On my last visit to Long Beach, I never left the convention center complex. For the short visits that are conventions and trade shows, it is perfect. The center is flanked by a Westin, a Renaissance, and a Hyatt Regency, and is across the street from The Pike, a dining entertainment complex; and the Aquarium of the Pacific, a world-class aquarium featuring a LEED silver certification and three irrepressible sea otters.
This time, however, we wandered farther afield: to the Long Beach Museum of Art (where the big yellow baby above will be for the next two months) and Museum of Latin American Art (MoLAA), to Naples, a neighborhood, where million-dollar houses are cheek-by-jowl on harborside tracts that were originally meant for tents, and some up-and-coming arts districts.
Now, as a journalist on a site inspection, my place on the "food chain" was very high indeed: I was treated to some of the best grub this side of the Rockies, including lunch at L’Opera on Pine Avenue, dinner at Sir Winston’s (aboard the Queen Mary), and Tracht’s on Ocean Avenue—the new signature restaurant of celebrity chef, Susan Tracht, which is located in the Renaissance hotel.
And that’s just the haute of it; we also chowed down at the Yard House (signature onion rings), La Muse Café (signature crepes), the Omelet Inn (signature you guessed it), and Buster’s Beach House (the latter has a bar band that has been playing in the same place for 26 years—even though the venue itself has changed hands three or four times).
However, at the Aquarium of the Pacific, I met my match in the food chain: the Australian lorikeet.
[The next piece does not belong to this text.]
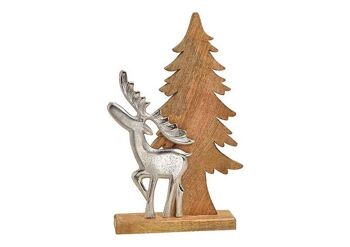 Sapin de Noël en bois de manguier avec élan en métal marron (L/H/P) 23x41x7cm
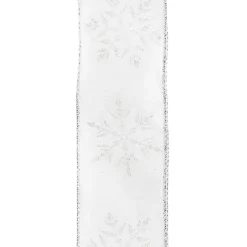 WIRED RIBBON 2.5″X10 YDS WHITE SHEAR W/IRR. SNFLK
At the Aquarium you can buy nectar with which to feed these colorful bird clowns. I fed three of them on this nectar, which only appeared to whet their appetite. They then turned to my sweater and began chewing through it. I cowered as they were gingerly removed by an aquarium staff member.
Bottom line: Lorikeets are awesome! I can’t wait to get back to Long Beach and feed them again!